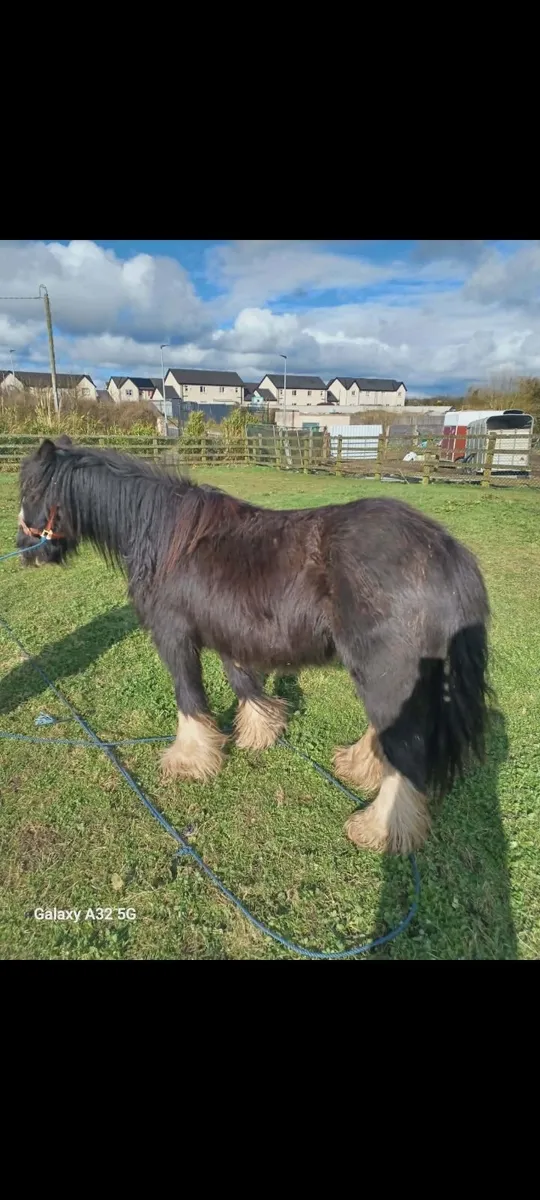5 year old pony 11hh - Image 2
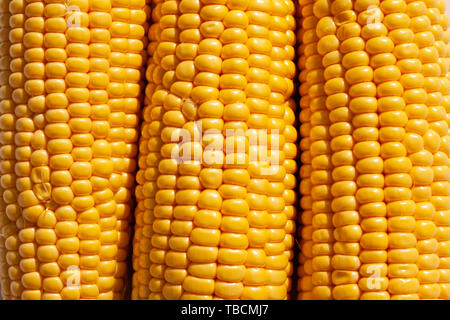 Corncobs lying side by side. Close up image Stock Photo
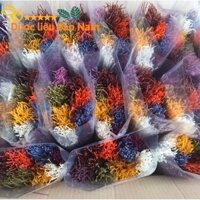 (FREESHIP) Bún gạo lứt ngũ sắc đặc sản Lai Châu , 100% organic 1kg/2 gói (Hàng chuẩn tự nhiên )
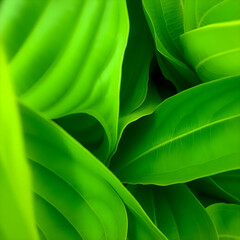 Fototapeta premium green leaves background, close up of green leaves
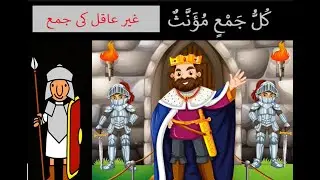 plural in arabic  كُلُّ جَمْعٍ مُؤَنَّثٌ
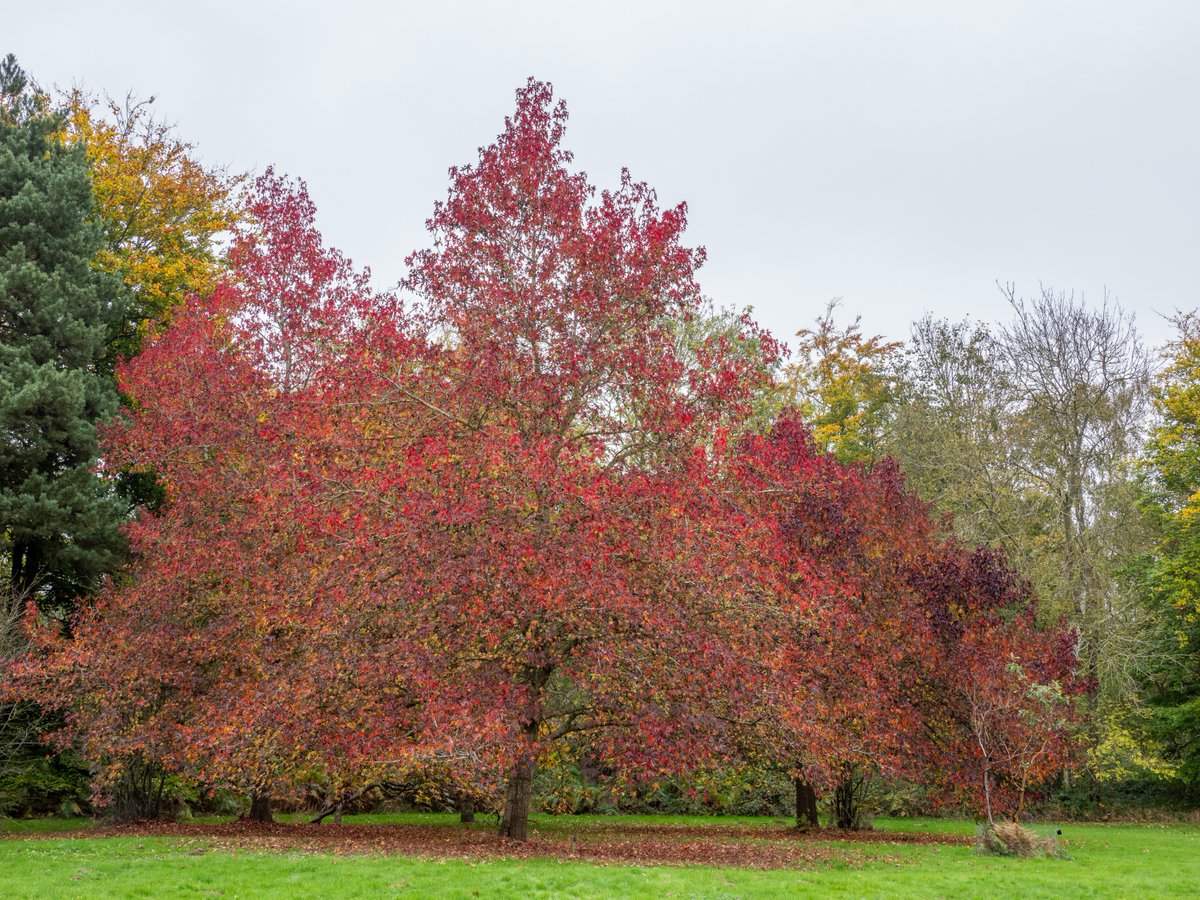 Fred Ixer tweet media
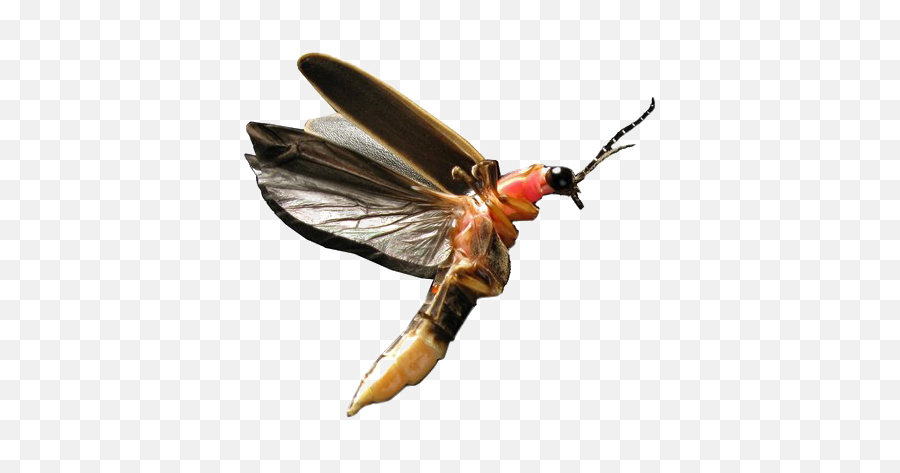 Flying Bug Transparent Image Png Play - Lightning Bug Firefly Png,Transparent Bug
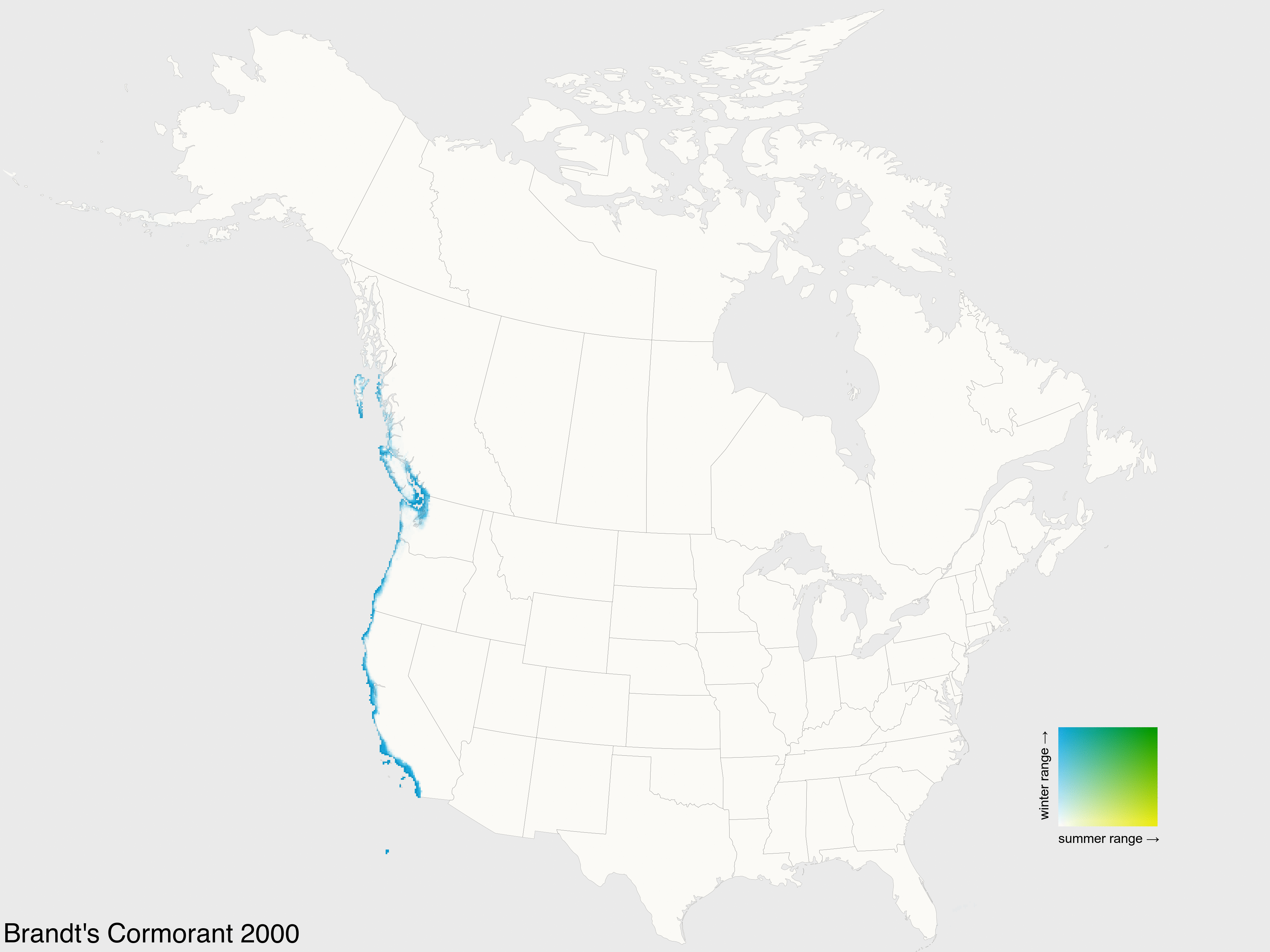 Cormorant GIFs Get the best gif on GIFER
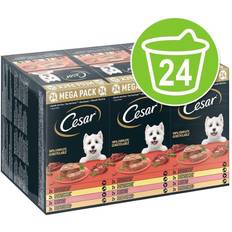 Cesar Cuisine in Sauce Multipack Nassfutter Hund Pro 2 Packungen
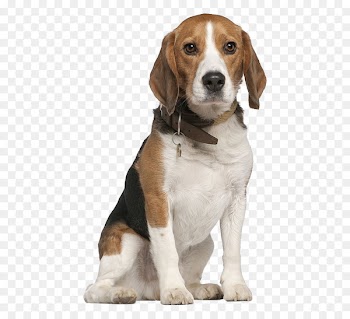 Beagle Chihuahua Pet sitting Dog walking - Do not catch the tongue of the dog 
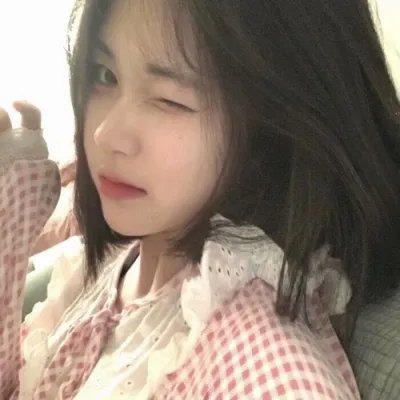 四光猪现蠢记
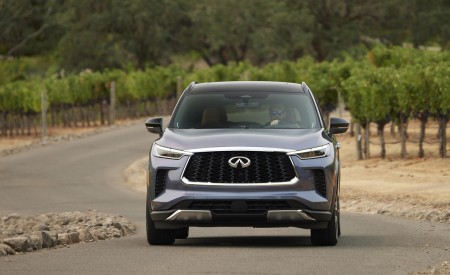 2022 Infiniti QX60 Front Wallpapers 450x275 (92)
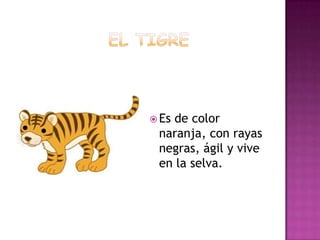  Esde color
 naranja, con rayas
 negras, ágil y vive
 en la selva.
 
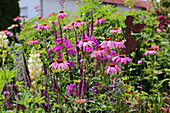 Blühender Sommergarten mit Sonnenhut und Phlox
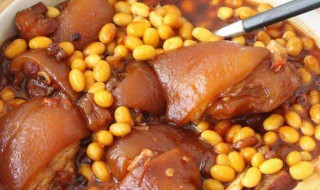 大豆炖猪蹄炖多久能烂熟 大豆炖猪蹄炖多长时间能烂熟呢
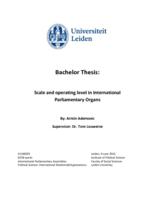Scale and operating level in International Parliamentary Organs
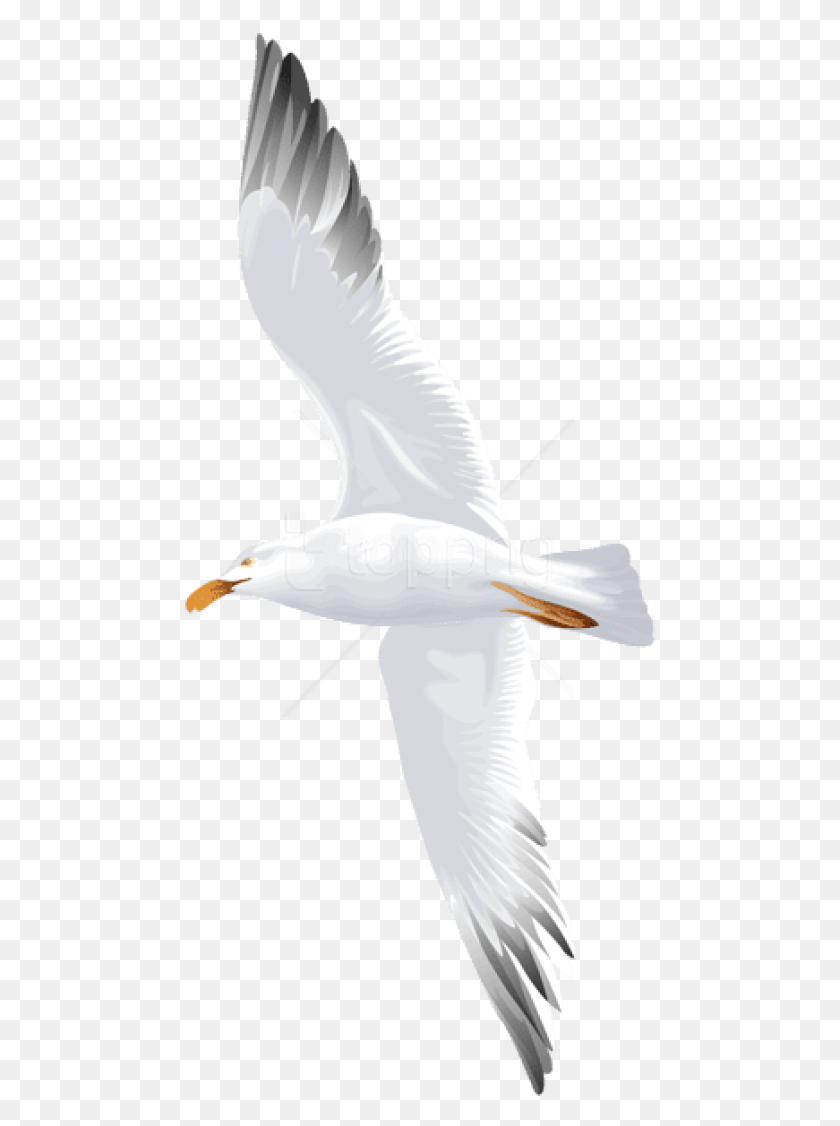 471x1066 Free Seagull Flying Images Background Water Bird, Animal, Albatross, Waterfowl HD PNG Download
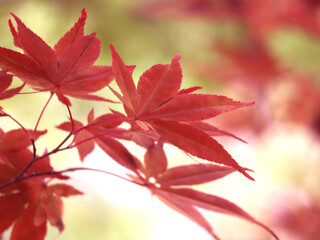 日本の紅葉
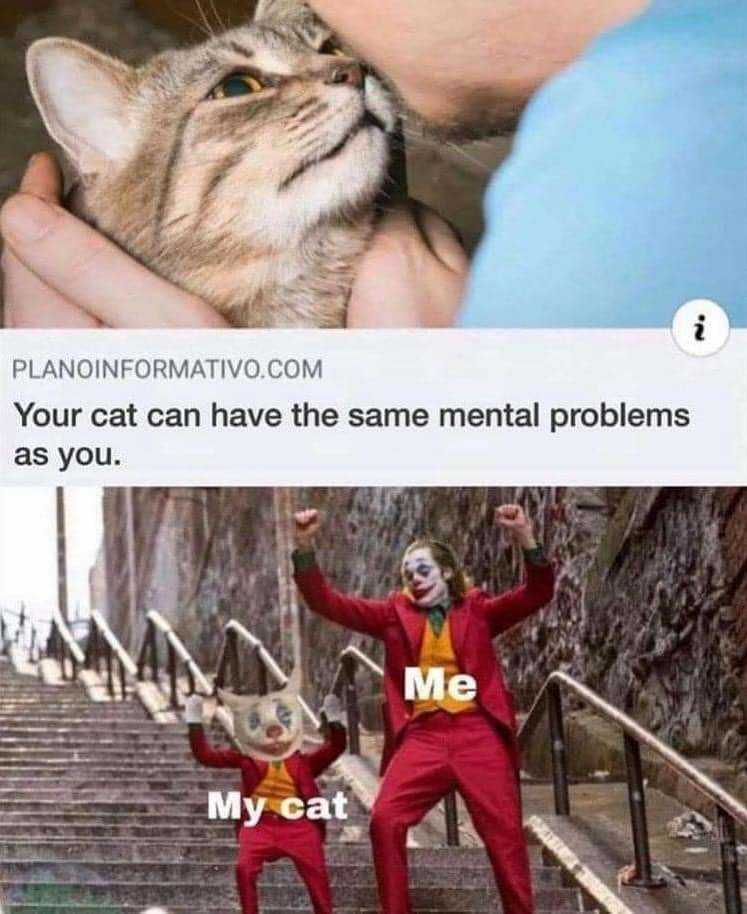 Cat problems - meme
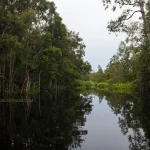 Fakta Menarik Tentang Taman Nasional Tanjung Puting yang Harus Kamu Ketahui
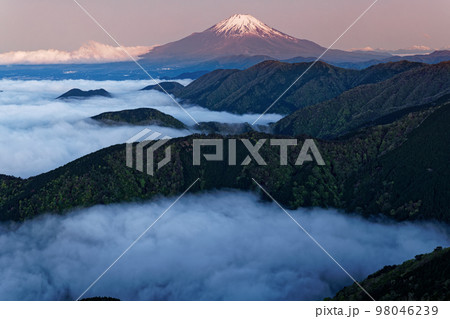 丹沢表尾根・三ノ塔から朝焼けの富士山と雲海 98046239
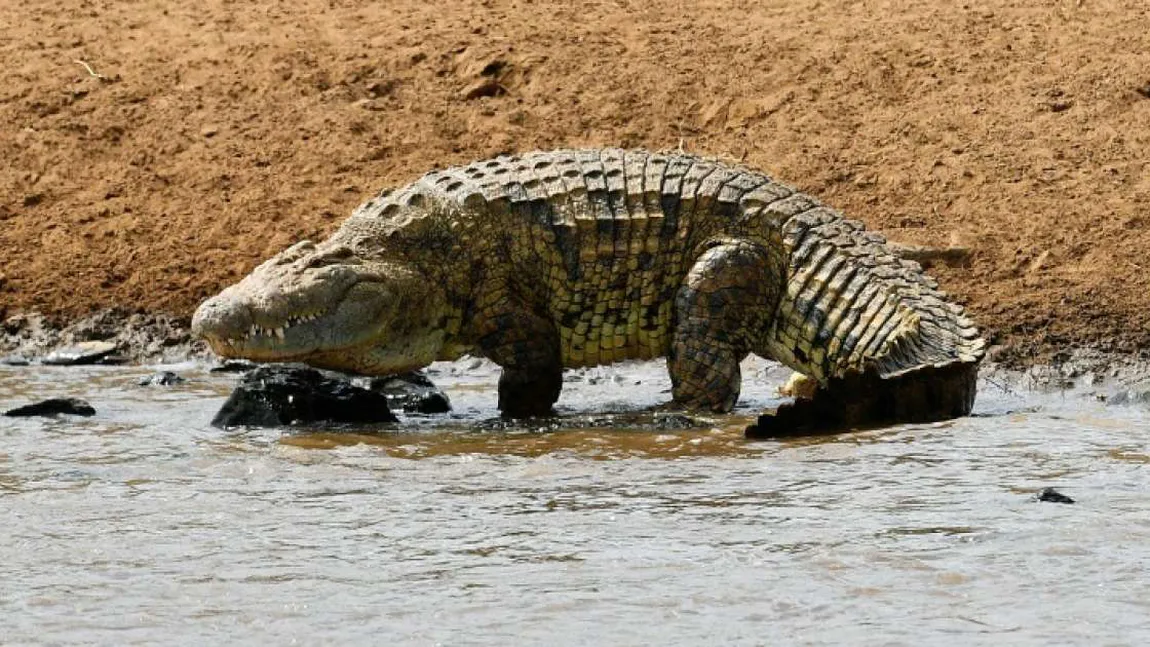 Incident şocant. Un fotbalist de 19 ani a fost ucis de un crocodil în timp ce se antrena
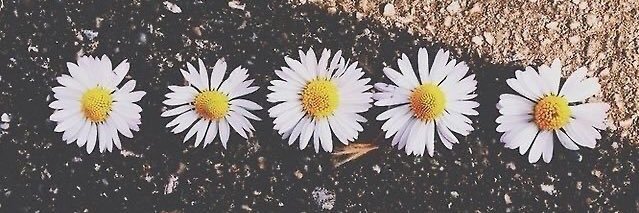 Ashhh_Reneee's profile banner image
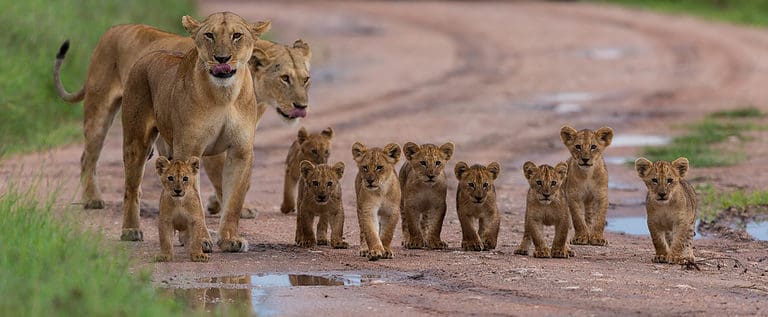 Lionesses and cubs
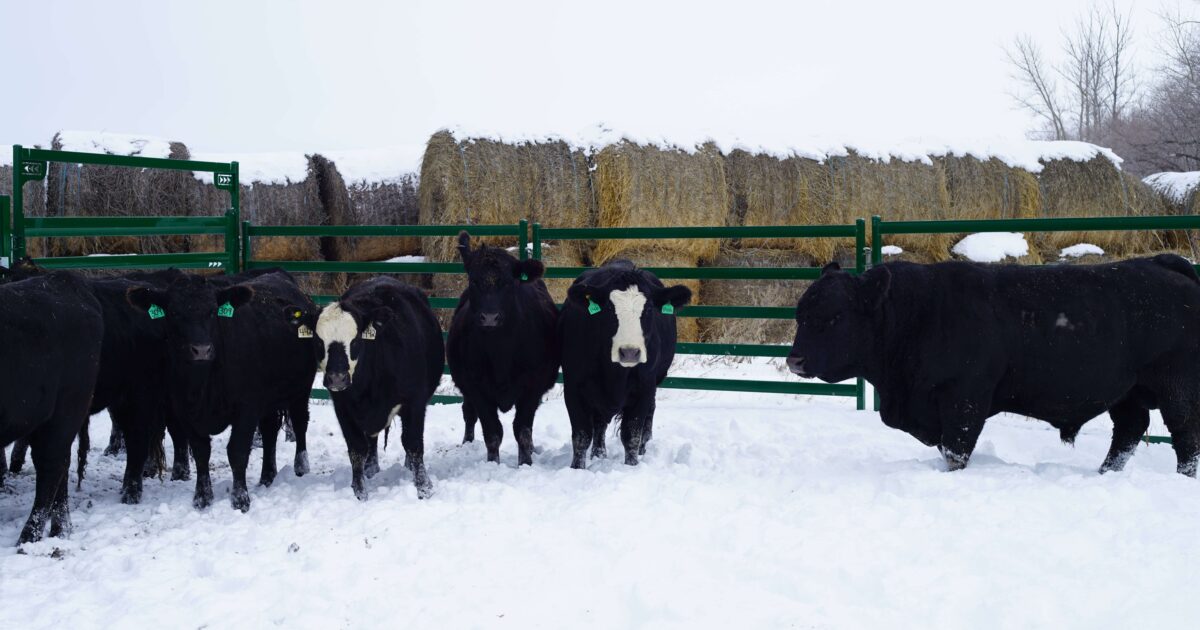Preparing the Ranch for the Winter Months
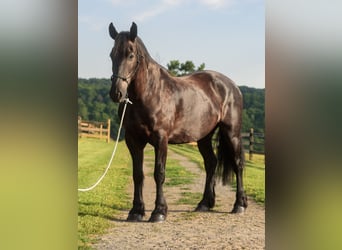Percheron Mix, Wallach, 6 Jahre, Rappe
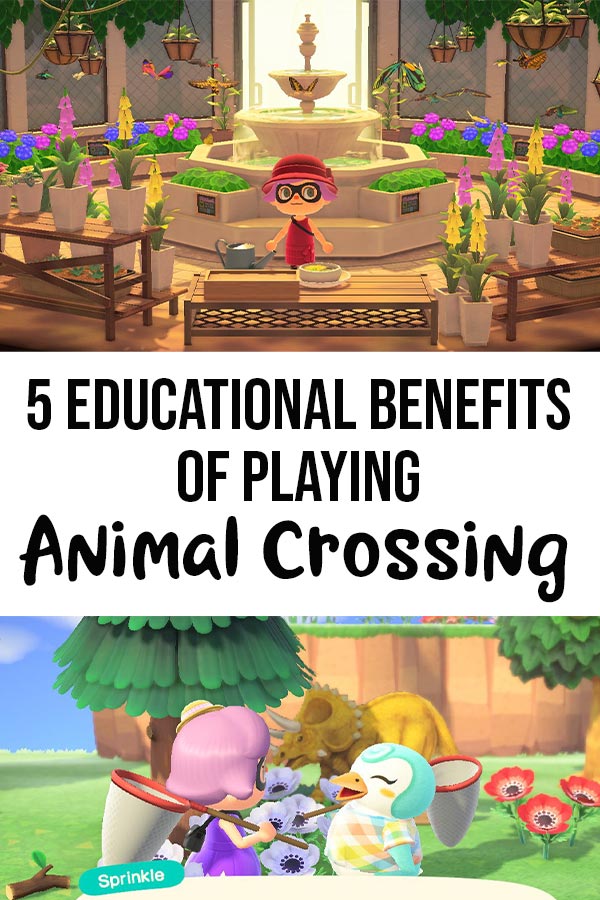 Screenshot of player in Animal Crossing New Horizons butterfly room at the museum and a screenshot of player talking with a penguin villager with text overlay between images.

☆ ☆ ☆ ☆ ☆

Exercise description: Ignoring the pictures, write out word for word the lines from the line containing "naranja, con rayas" through the end of the material above.

Response area:
 naranja, con rayas
 negras, ágil y vive
 en la selva.
 
 Blühender Sommergarten mit Sonnenhut und Phlox
 大豆炖猪蹄炖多久能烂熟 大豆炖猪蹄炖多长时间能烂熟呢
Scale and operating level in International Parliamentary Organs
 471x1066 Free Seagull Flying Images Background Water Bird, Animal, Albatross, Waterfowl HD PNG Download
 日本の紅葉
 Cat problems - meme
 Fakta Menarik Tentang Taman Nasional Tanjung Puting yang Harus Kamu Ketahui
 丹沢表尾根・三ノ塔から朝焼けの富士山と雲海 98046239
 Incident şocant. Un fotbalist de 19 ani a fost ucis de un crocodil în timp ce se antrena
 Ashhh_Reneee's profile banner image
 Lionesses and cubs
Preparing the Ranch for the Winter Months
Percheron Mix, Wallach, 6 Jahre, Rappe
 Screenshot of player in Animal Crossing New Horizons butterfly room at the museum and a screenshot of player talking with a penguin villager with text overlay between images.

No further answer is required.